Tonopah is not a ghost town. It is a town and a county seat, maybe the 2nd biggest thing on Hwy 95 between Fallon and Las Vegas (I think Hawthorne may be bigger, but Tonopah is more interesting). It was a silver mining settlement of the early 20th c. and you can see a lot of mining mills and headframes as you travel around town. There are two good historical museums, the one Randy mentioned and a regional history museum. The main drag is Hwy 95, but it has the feel of an old mining town.

One of Nevada's best preserved ghost towns is north of there. Belmont is a true ghost with dozens of old buildings: a fine courthouse, homes, stores, a church, one of the stateliest brick ore smelters I've ever seen, and more. The road is partly unpaved but good for any vehicle, but it's almost 50 miles from Tonopah.

Another almost ghost, Goldfield, is 30 miles south of Tonopah, right on 95. It is also a county seat, but it has only a couple hundred residents and dozens of old deserted buildings. I hope the high school is still standing; there was a fundraising campaign a few years ago to preserve it. The Goldfield Hotel is abandoned, but in the early 20th century it and the Mizpah in Tonopah were considered the finest lodgings between St. Louis and San Francisco. You could spend an hour or two wandering around Goldfield looking at the old buildings and a collection of old railroad artifacts (IIRC that is on 5th Street). There is even a bottle house (one with walls made of bottles laid down in mud, like the one in Rhyolite). The car-chase movie "Vanishing Point" with Barry Newman was filmed partly in Goldfield and Cleavon Little's character, the blind DJ, had his studio in the hotel.

Warm Springs is the ruins of a former hot springs resort.
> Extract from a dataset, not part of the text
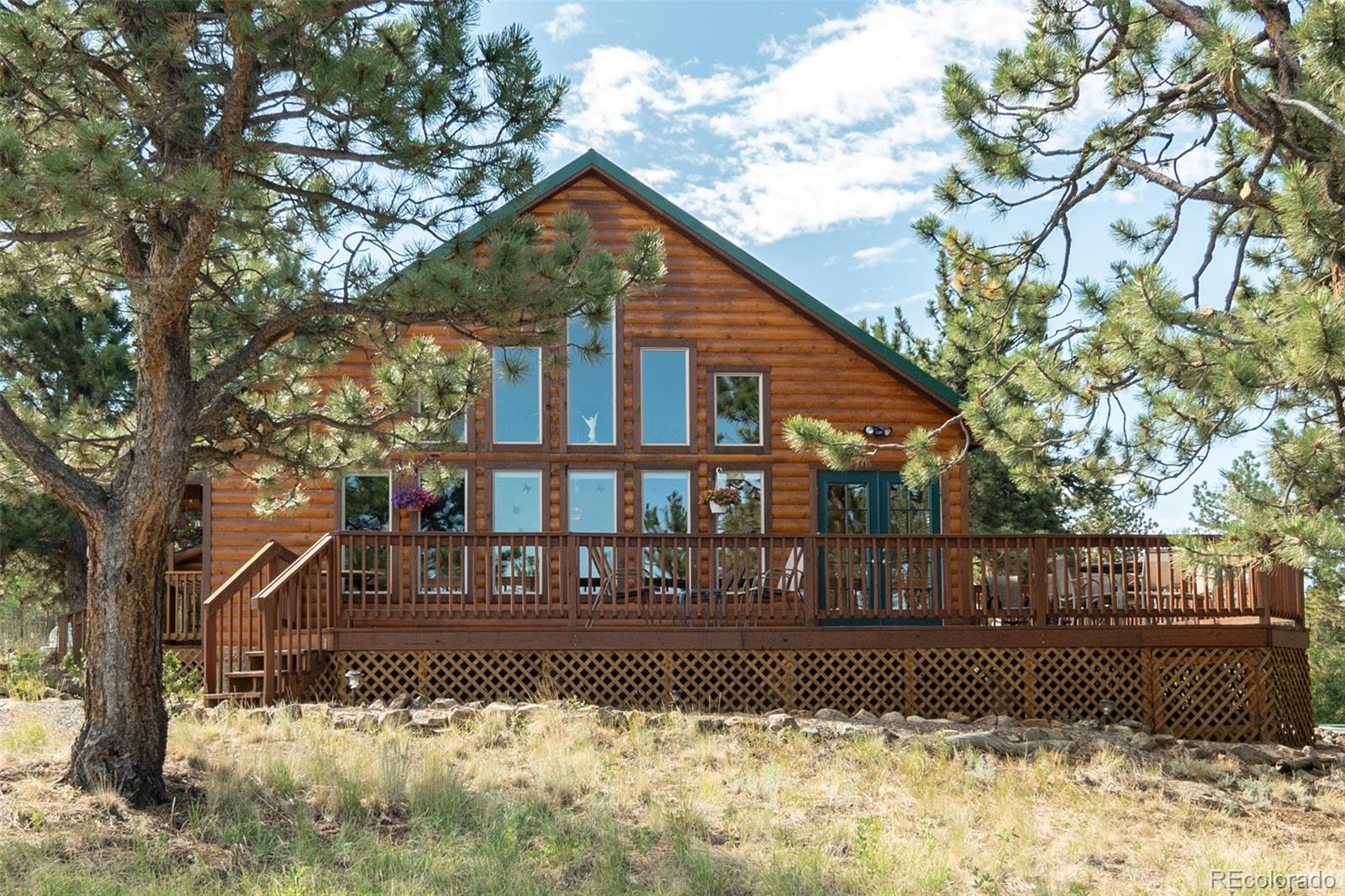 MLS Image #2 for 3296  singletree road,hartsel, Colorado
A few old stone foundations remain, and IIRC an old café and gas station building. I think derelicts have squatted there at various times, so heed Randy's advice in post #6. There’s no telling what paraphernalia you might find. This is the junction with NV Hwy 375, the Extraterrestrial Highway.
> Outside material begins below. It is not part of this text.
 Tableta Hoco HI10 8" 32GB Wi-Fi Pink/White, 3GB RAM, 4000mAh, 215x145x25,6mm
Around Ely, as Randy mentioned, the main ore was copper. Ely is an active town, as Tonopah is, but nearby are Ruth and McGill, once thriving towns that are not very lively now. Copper is not a glamorous metal, and a copper mining ghost town isn't a glamorous place. If you are expecting a cozy, spruced-up village like many California Mother Lode towns, these towns will fall short. I knew a couple who grew up in McGill because both their dads worked in the mines, and after they were married they escaped to clean and wholesome Bountiful UT, which is the exact antithesis of life in a bare-bones, grubby copper mining town. Ruth is the setting for the Stephen King horror novel "Desperation," the name of a fictitious town with a sheriff who is possessed by a demon that was released by mining excavations.
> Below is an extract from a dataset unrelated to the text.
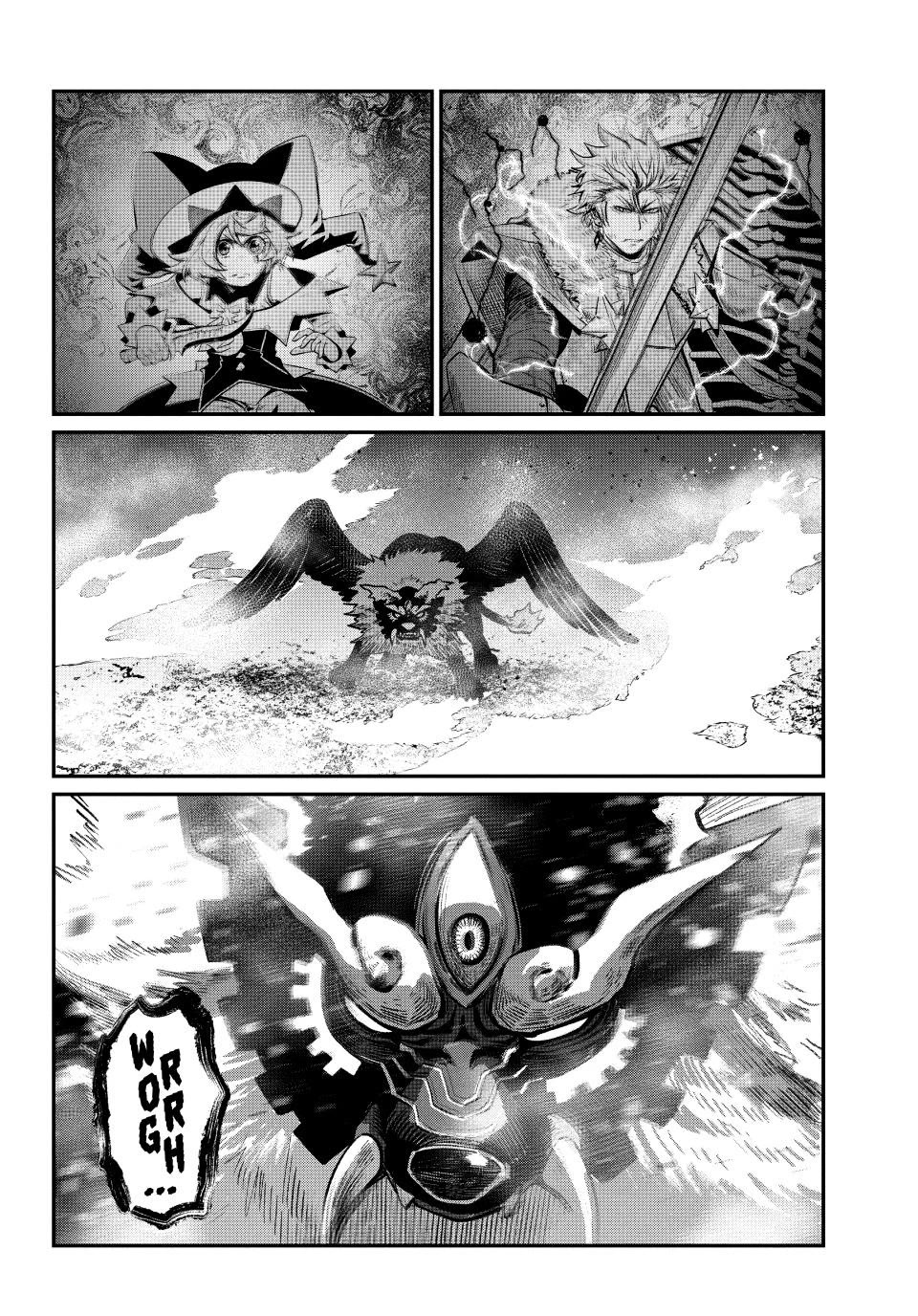 The Exiled Reincarnated Heavy Knight Is Unrivaled In Game Knowledge Chapter 162 - Page 16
If you stay on Hwy 6 into Utah past the town of Delta, you have the choice of taking a state highway to Nephi ("nee-fie") or continuing north on 6 to a mining ghost town called Eureka. I usually go through Nephi because I have dear friends there. But either way eventually gets you to I-15. The Eureka route is a few miles shorter but takes more time because you're on rural roads longer, plus the time you spend seeing the mining ruins.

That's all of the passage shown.